## Task to carry out:
Without including any images, repeat the listing below exactly.

## Materials provided:
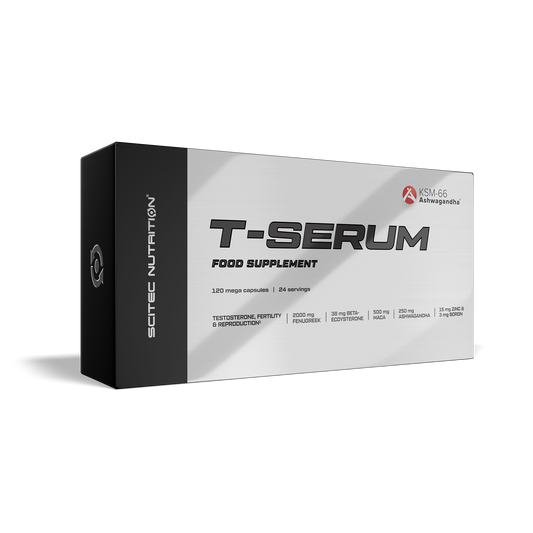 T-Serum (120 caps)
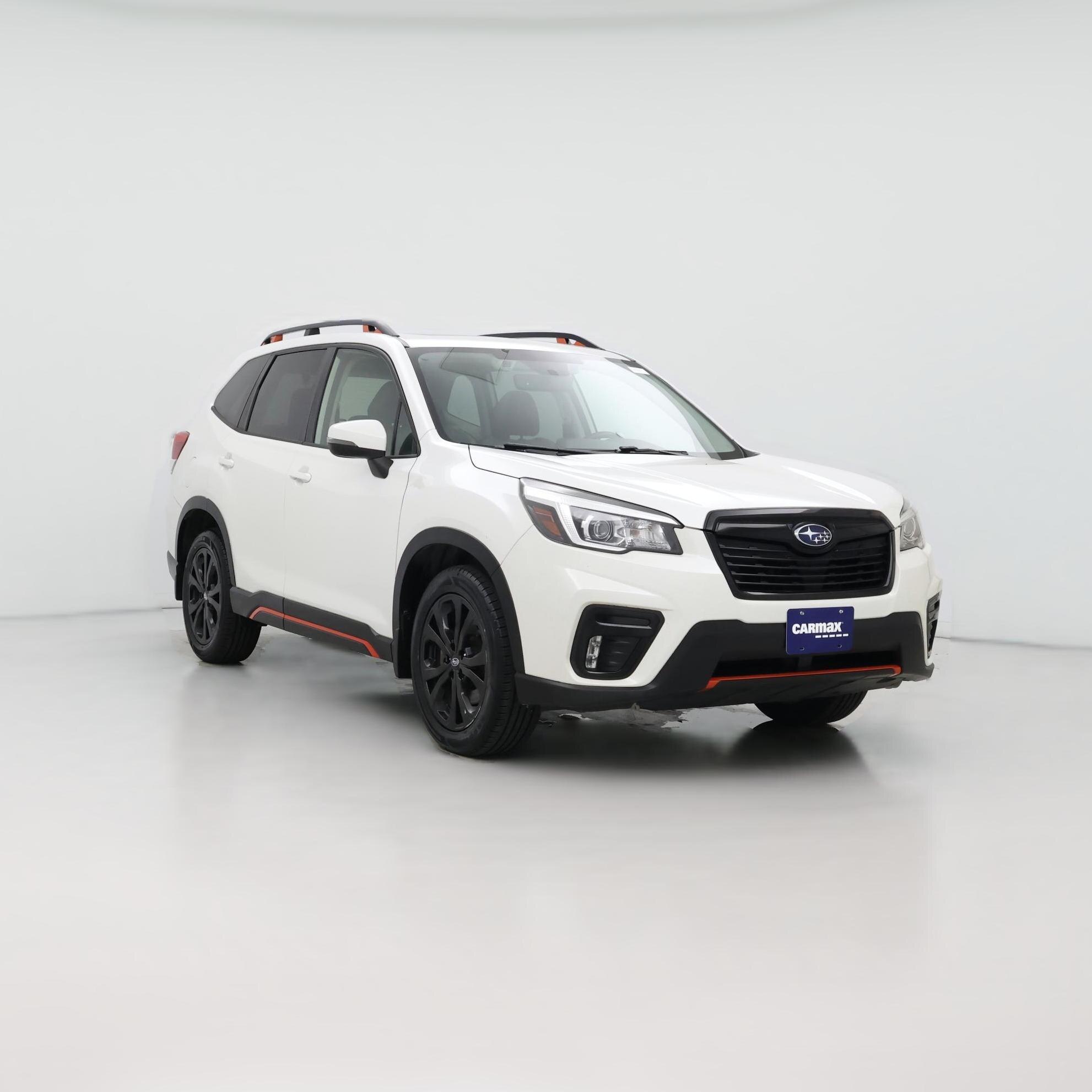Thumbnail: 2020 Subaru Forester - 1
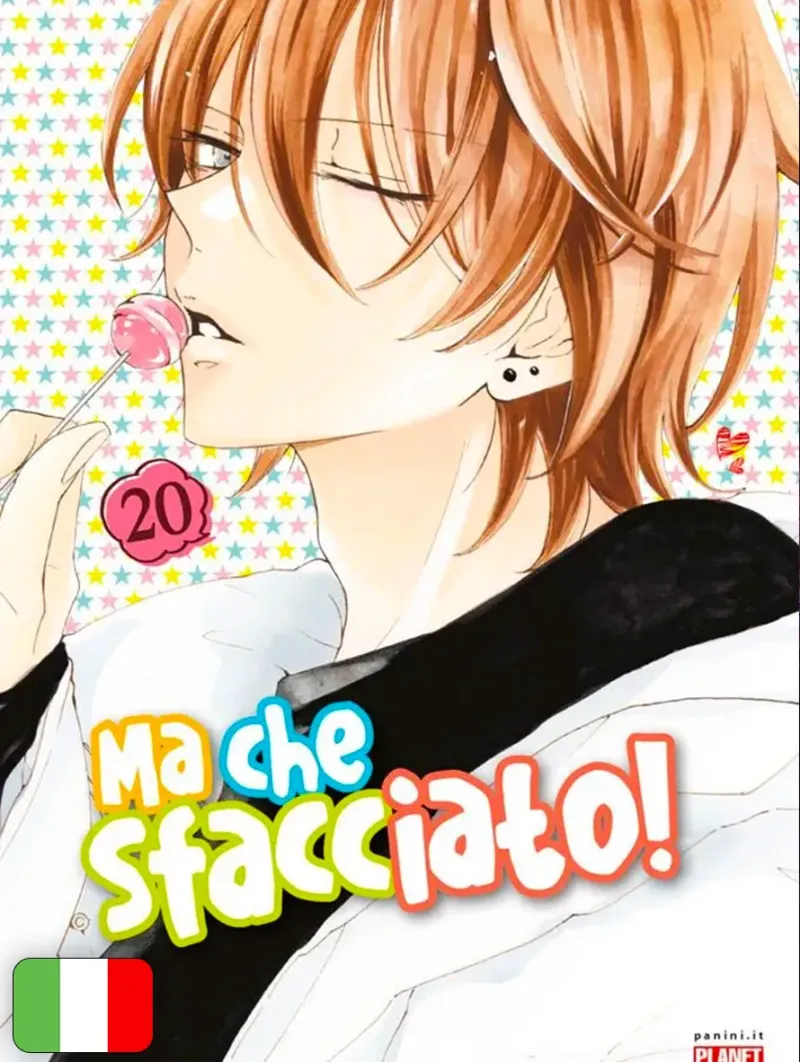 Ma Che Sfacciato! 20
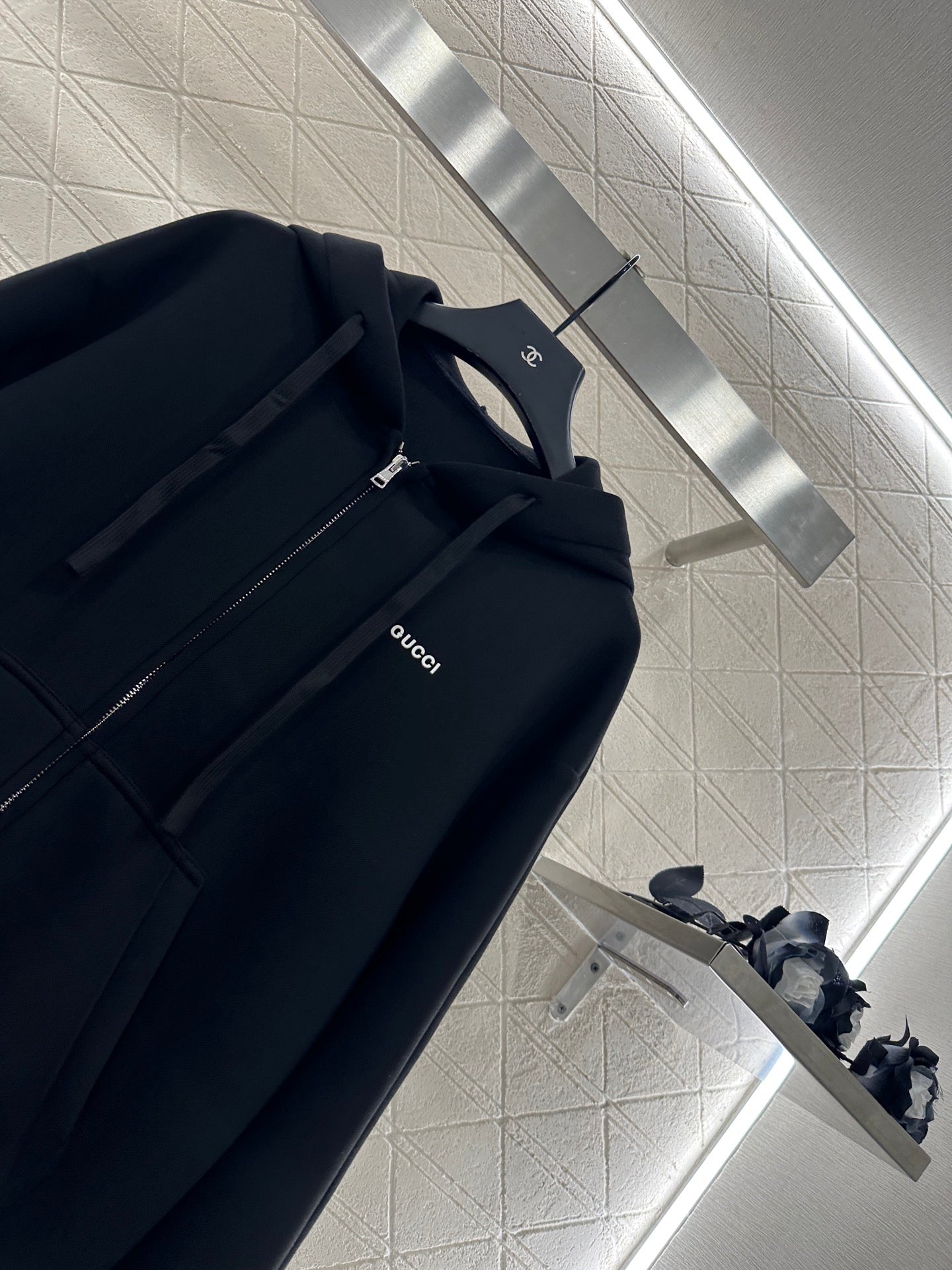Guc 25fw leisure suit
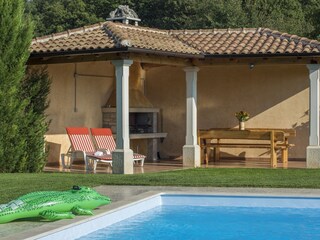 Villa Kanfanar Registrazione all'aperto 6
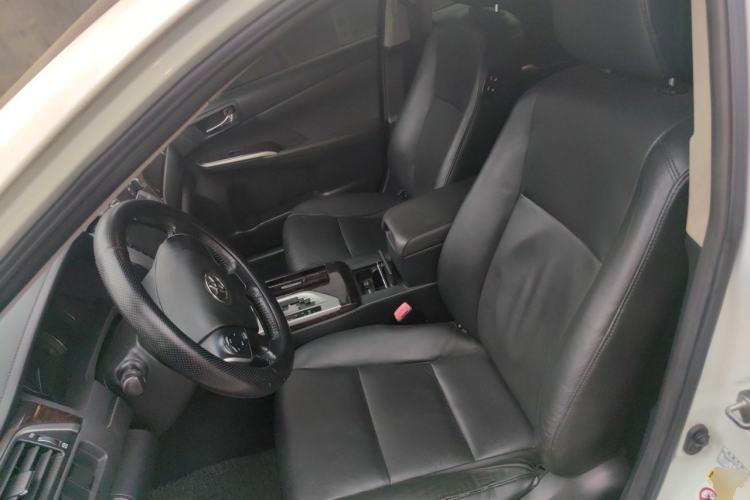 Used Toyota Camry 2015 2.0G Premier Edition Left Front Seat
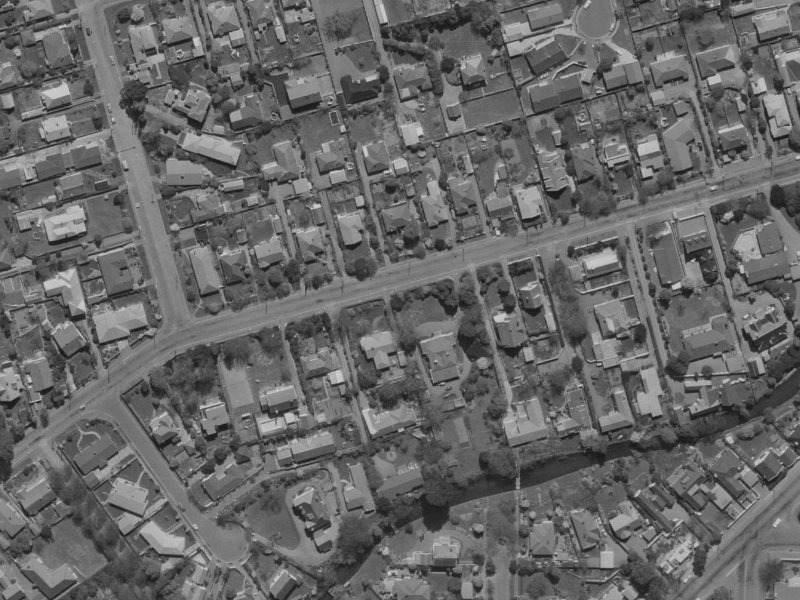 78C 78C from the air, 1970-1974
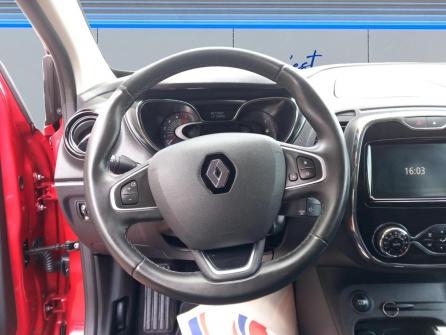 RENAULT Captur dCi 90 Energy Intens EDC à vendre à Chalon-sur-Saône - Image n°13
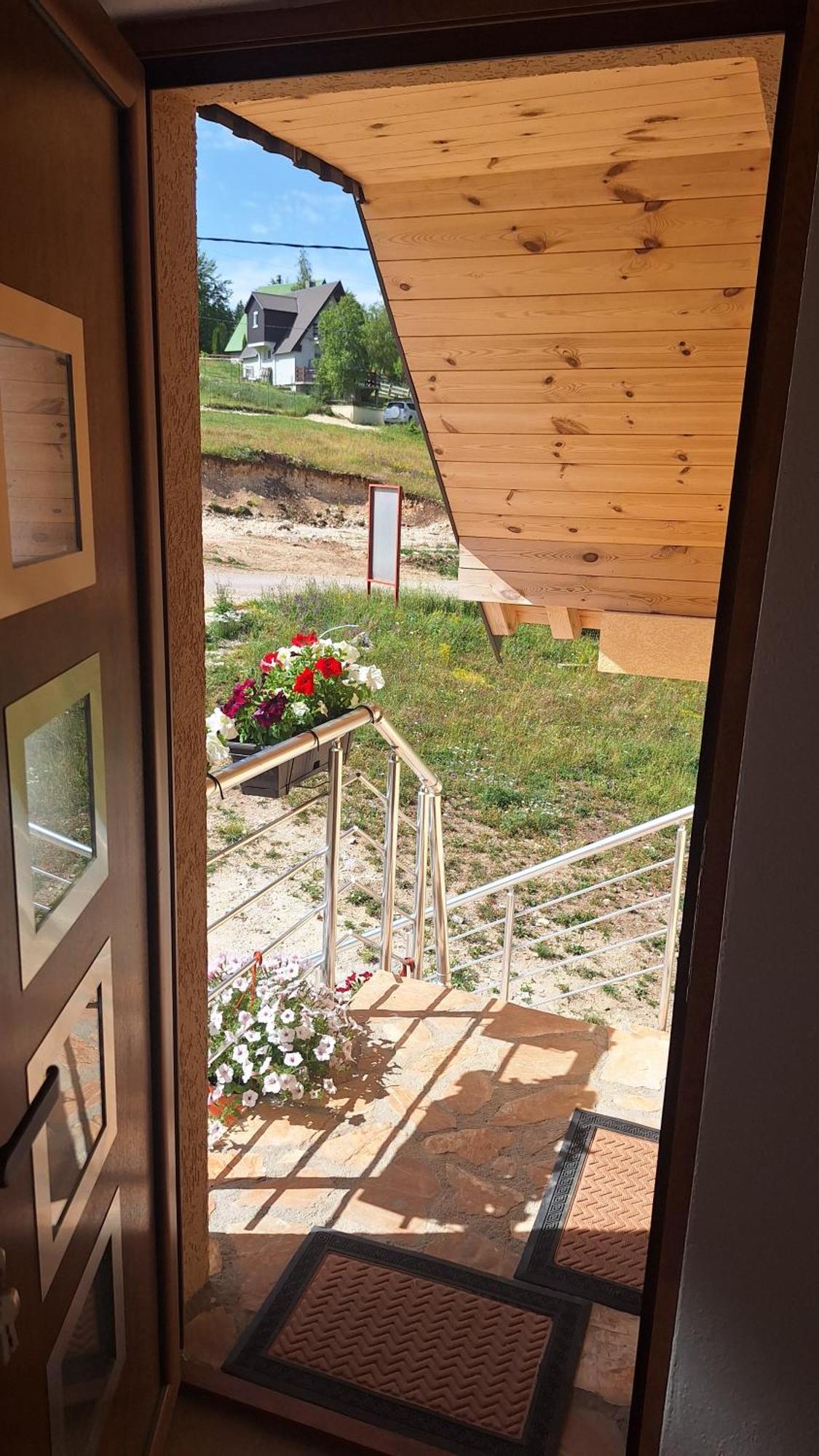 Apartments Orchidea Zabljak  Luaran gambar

## Solution:
 T-Serum (120 caps)
Thumbnail: 2020 Subaru Forester - 1
 Ma Che Sfacciato! 20
Guc 25fw leisure suit
 Villa Kanfanar Registrazione all'aperto 6
 Used Toyota Camry 2015 2.0G Premier Edition Left Front Seat
 78C 78C from the air, 1970-1974
 RENAULT Captur dCi 90 Energy Intens EDC à vendre à Chalon-sur-Saône - Image n°13
 Apartments Orchidea Zabljak  Luaran gambar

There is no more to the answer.